[Available records — start]

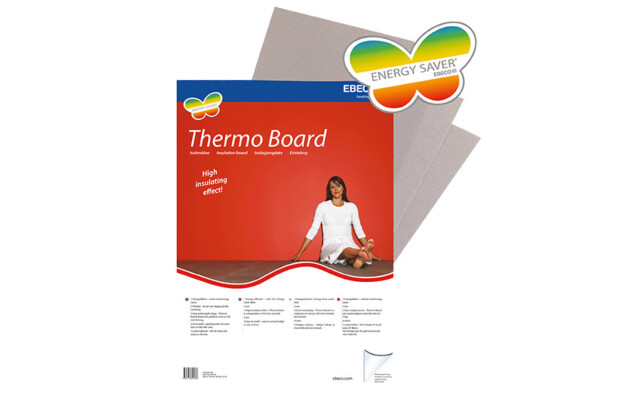 Eristelevy Thermo Board 10mm 3.6m2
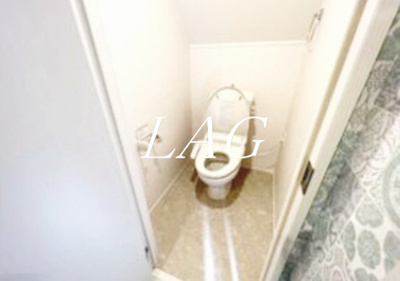 【トイレ】 | サニーヒルズ | トイレです。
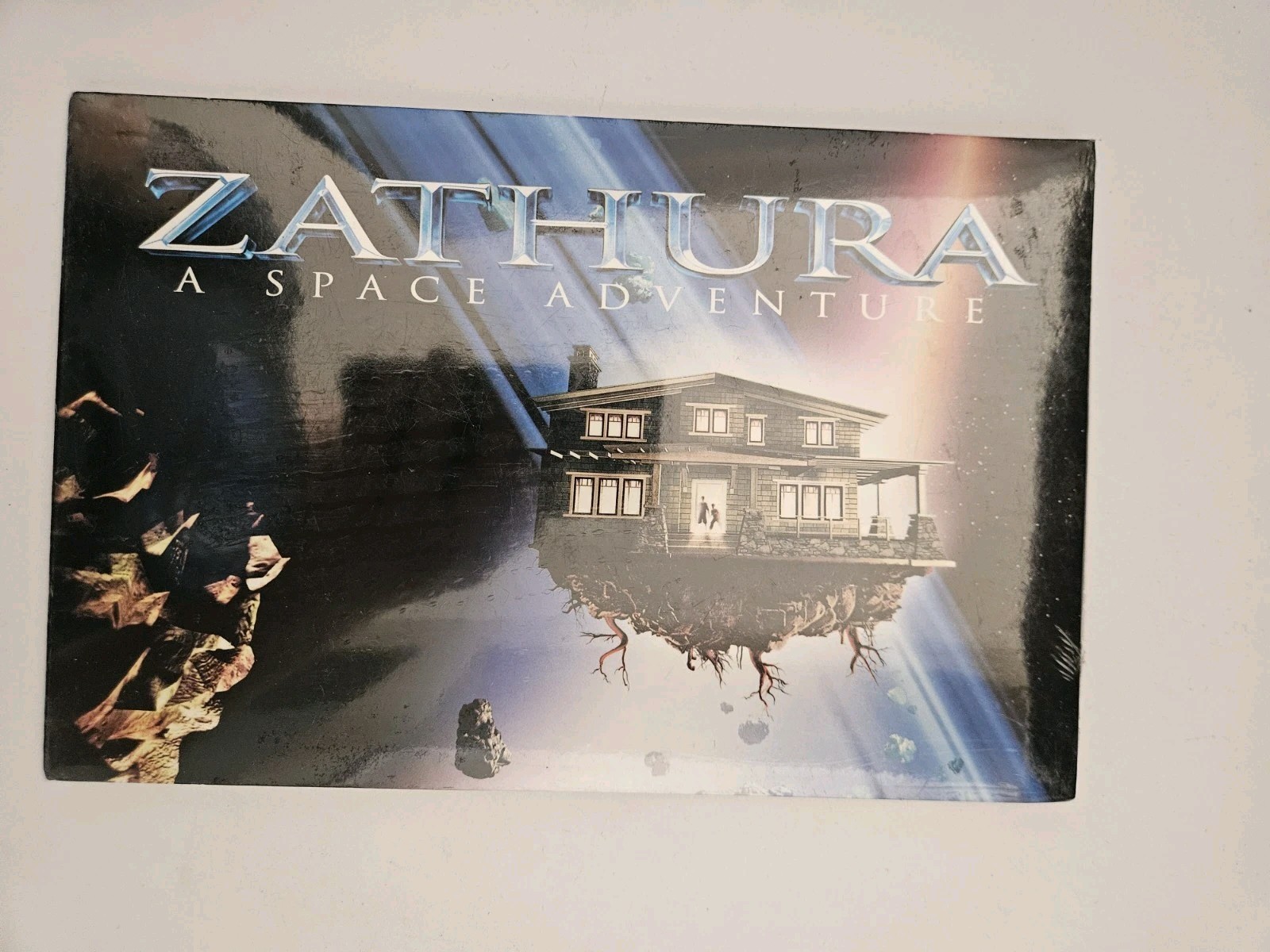 Zathura A Space Adventure Sealed Promo Book Rare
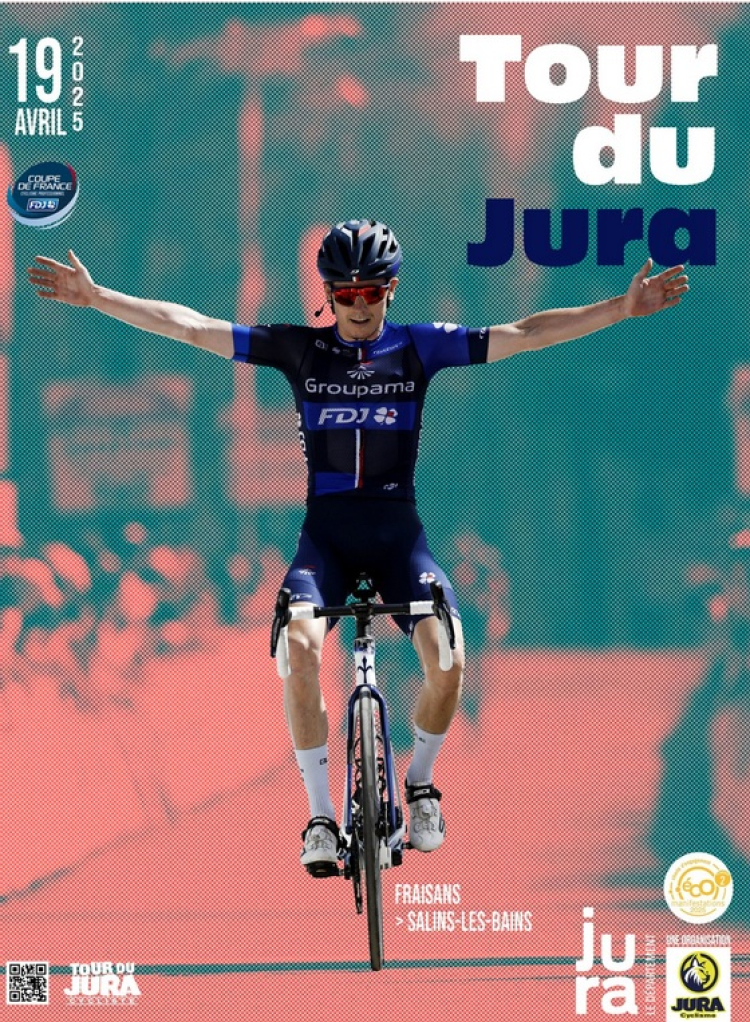 Le Tour du Doubs et le Tour du Jura 2025 : deux courses au cœur du triptyque franc-comtois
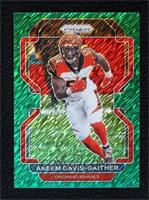 Akeem Davis-Gaither #/5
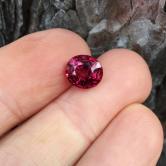 Bright! Tanzania Umba River Rhodolite Garnet 3.51 ct 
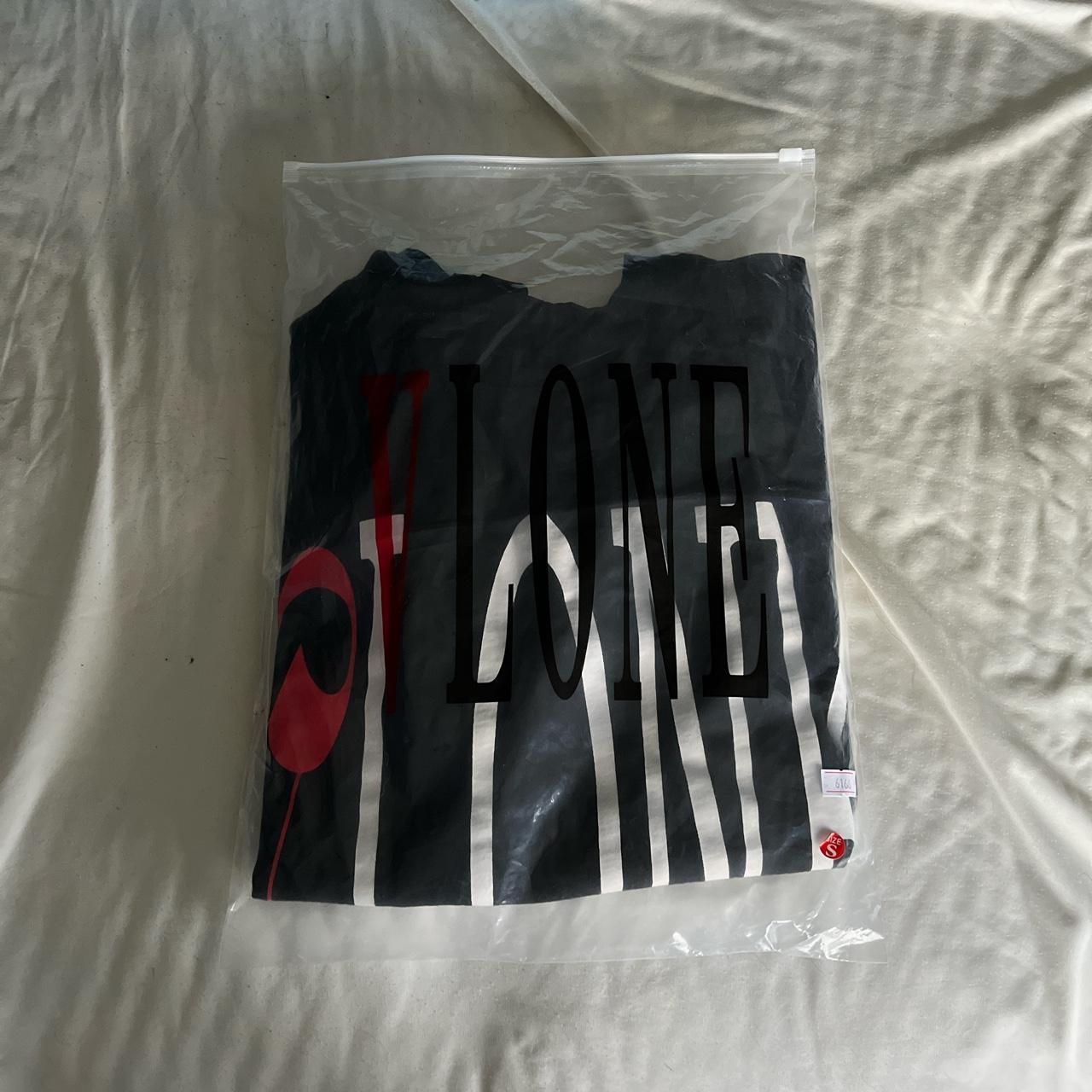 Vlone x Palm Angels Tee Size S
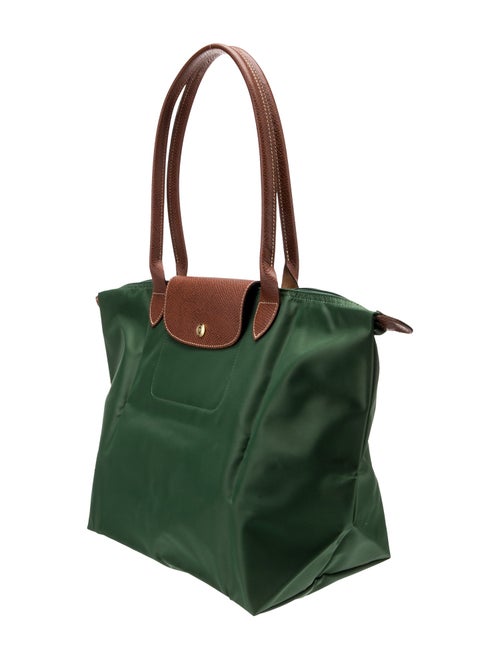 Longchamp Nylon Tote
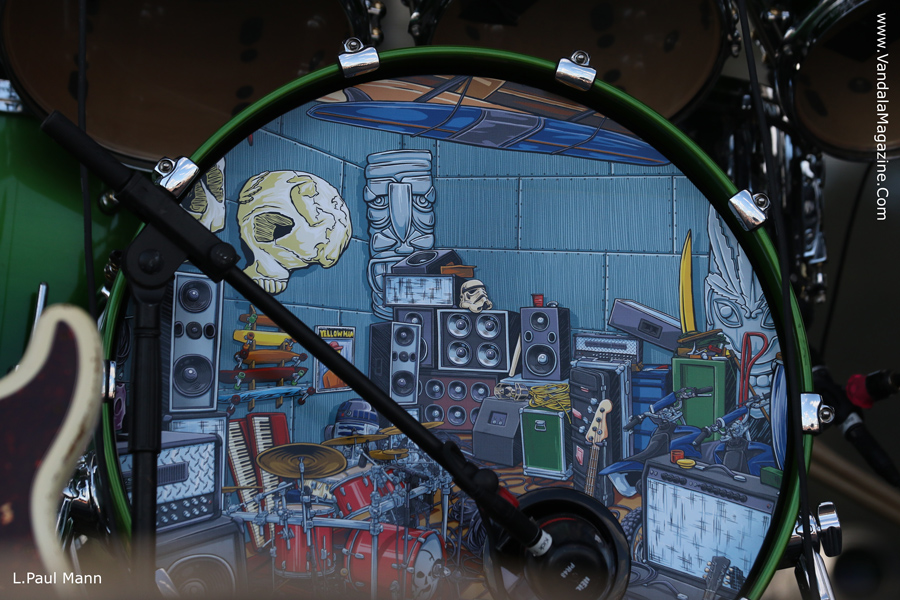 Lockn' Music Festival, Arrington, Virginia 2015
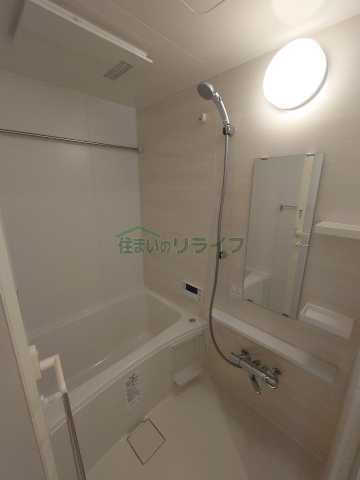 バス・シャワールーム　別部屋参考写真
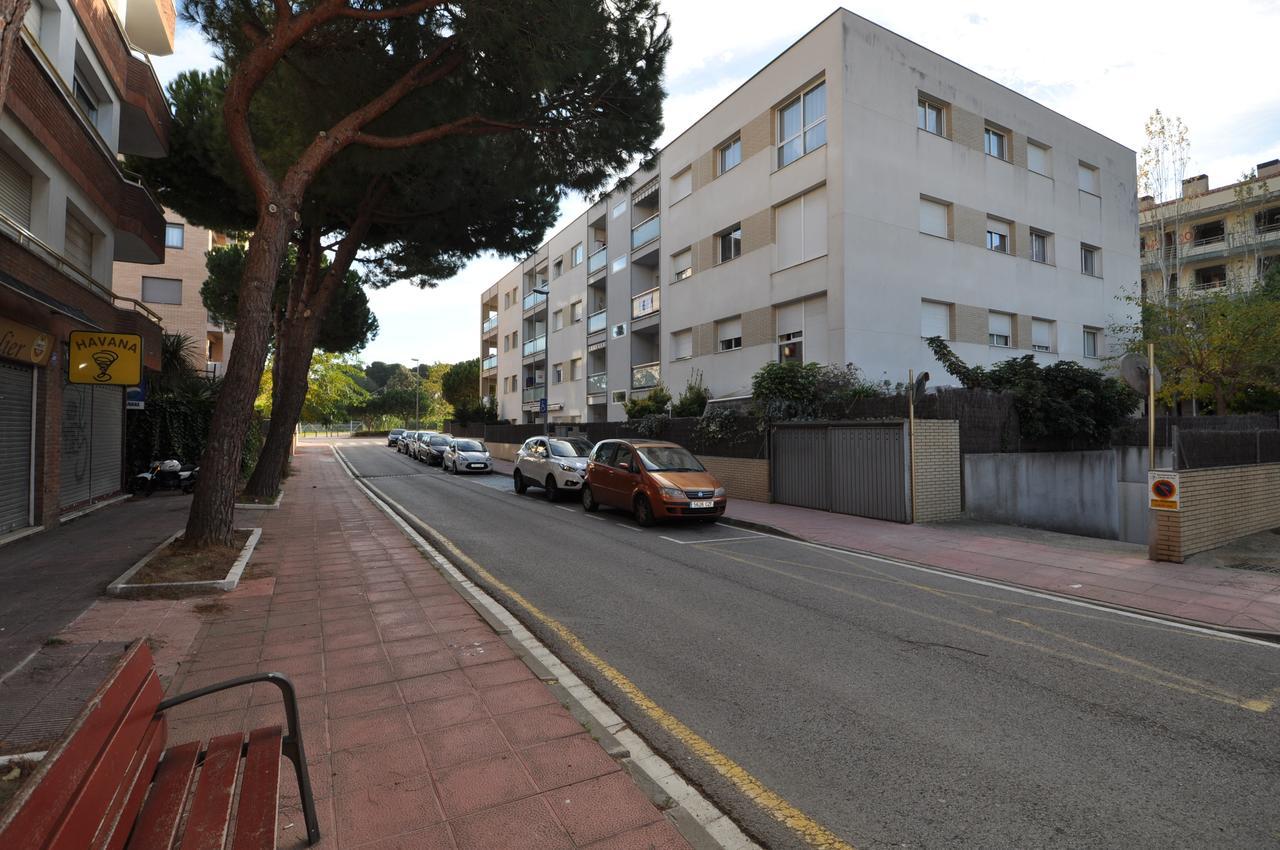 Apartment Mexica Lloret de Mar Buitenkant foto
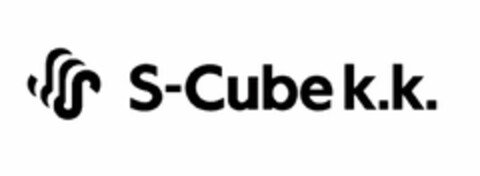 SSS S-CUBE K.K. Logo (USPTO, 29.01.2013)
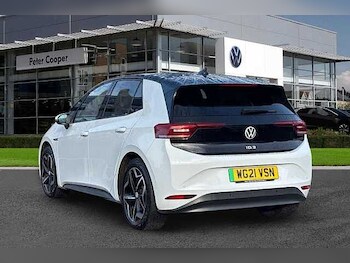 Used Volkswagen ID.3 2021 for sale - 77378301: Photo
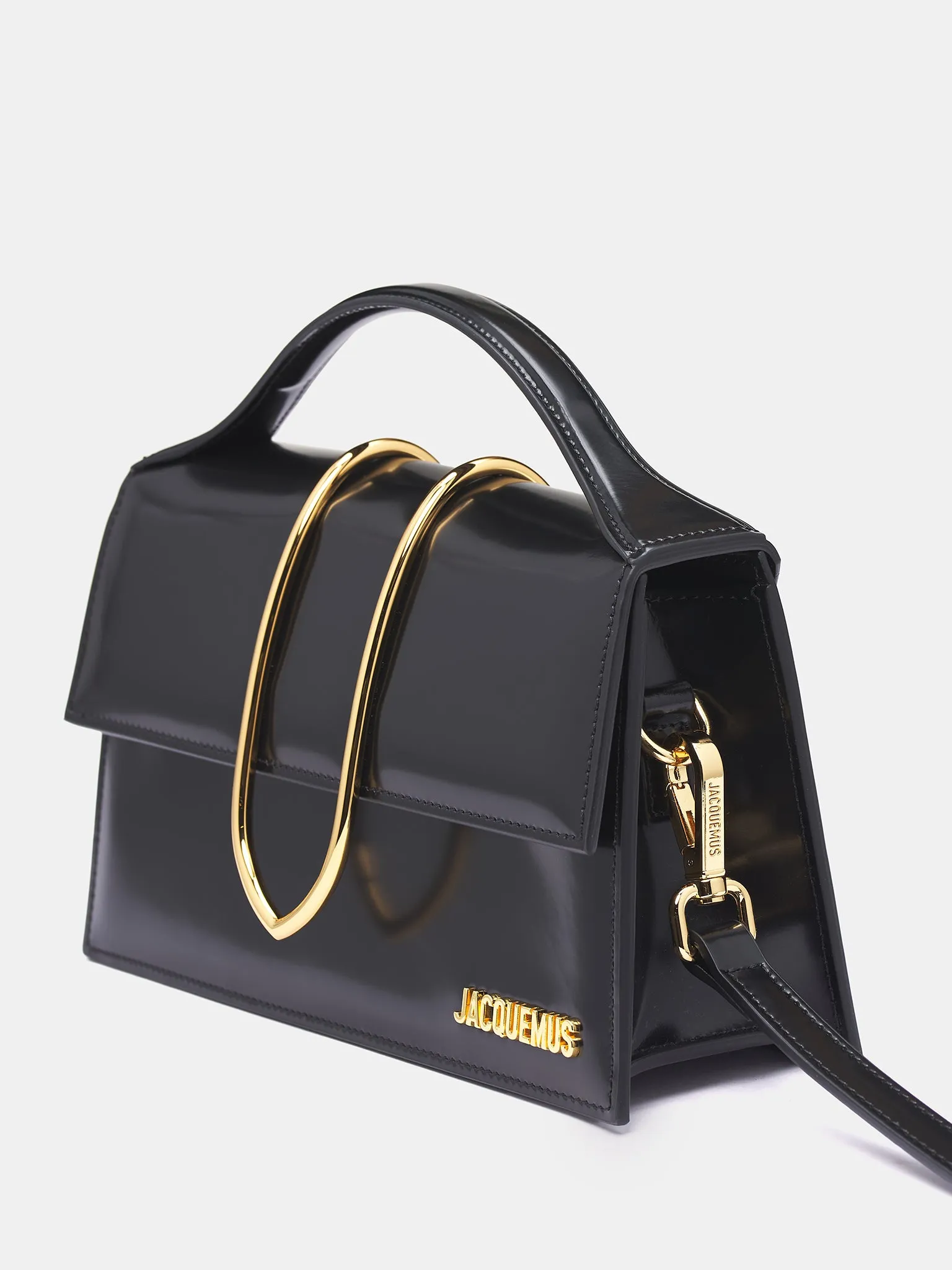 The Large Bambino (243BA406-3128-BLACK) sold by lorenzo product image thumbnail 4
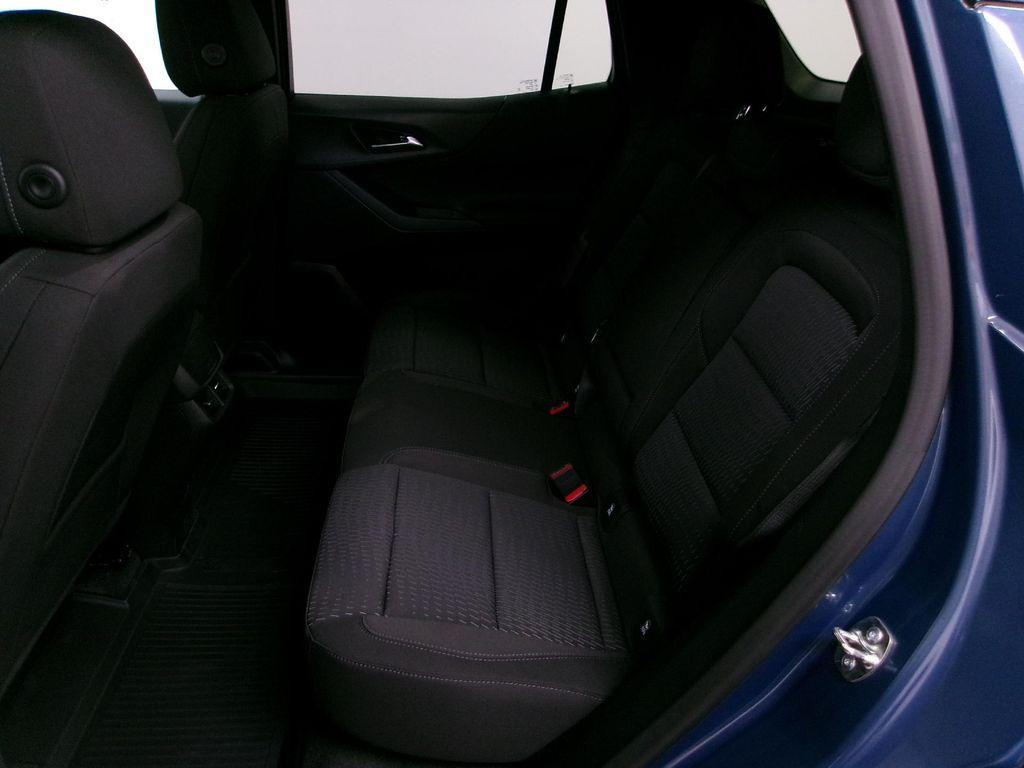new 2026 Chevrolet Equinox car, priced at $30,990
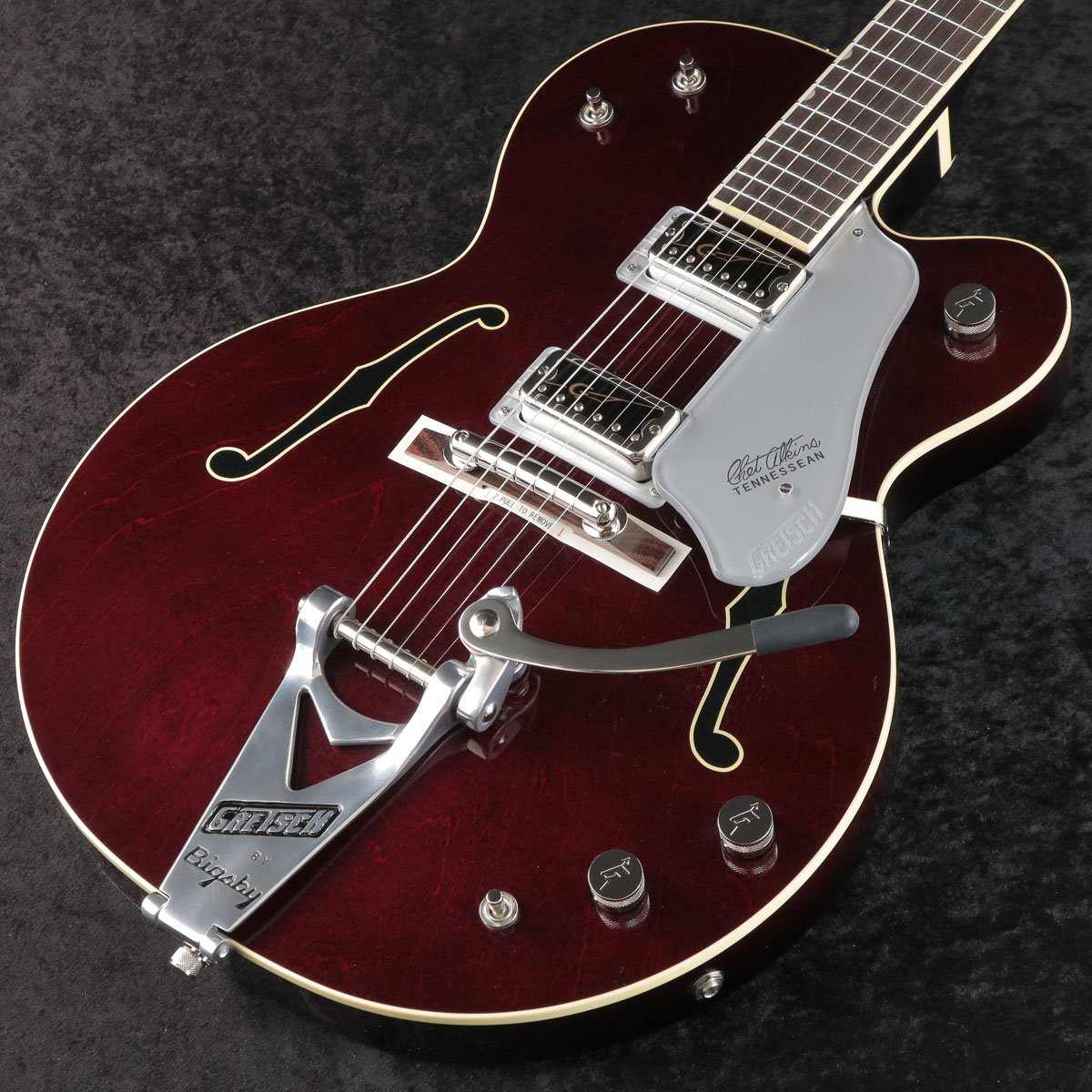 Gretsch G6119T-62 テネシーローズ テネシアン Hollow Body :: G6119T-62 Vintage Select Edition '62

[Available records — finish]

=== Exercise prompt ===
Keeping the pictures out, print the entries above exactly as written.

=== Output for this task ===
 Eristelevy Thermo Board 10mm 3.6m2
 【トイレ】 | サニーヒルズ | トイレです。
 Zathura A Space Adventure Sealed Promo Book Rare
 Le Tour du Doubs et le Tour du Jura 2025 : deux courses au cœur du triptyque franc-comtois
 Akeem Davis-Gaither #/5
 Bright! Tanzania Umba River Rhodolite Garnet 3.51 ct 
 Vlone x Palm Angels Tee Size S
 Longchamp Nylon Tote
 Lockn' Music Festival, Arrington, Virginia 2015
 バス・シャワールーム　別部屋参考写真
 Apartment Mexica Lloret de Mar Buitenkant foto
 SSS S-CUBE K.K. Logo (USPTO, 29.01.2013)
 Used Volkswagen ID.3 2021 for sale - 77378301: Photo
 The Large Bambino (243BA406-3128-BLACK) sold by lorenzo product image thumbnail 4
new 2026 Chevrolet Equinox car, priced at $30,990
 Gretsch G6119T-62 テネシーローズ テネシアン Hollow Body :: G6119T-62 Vintage Select Edition '62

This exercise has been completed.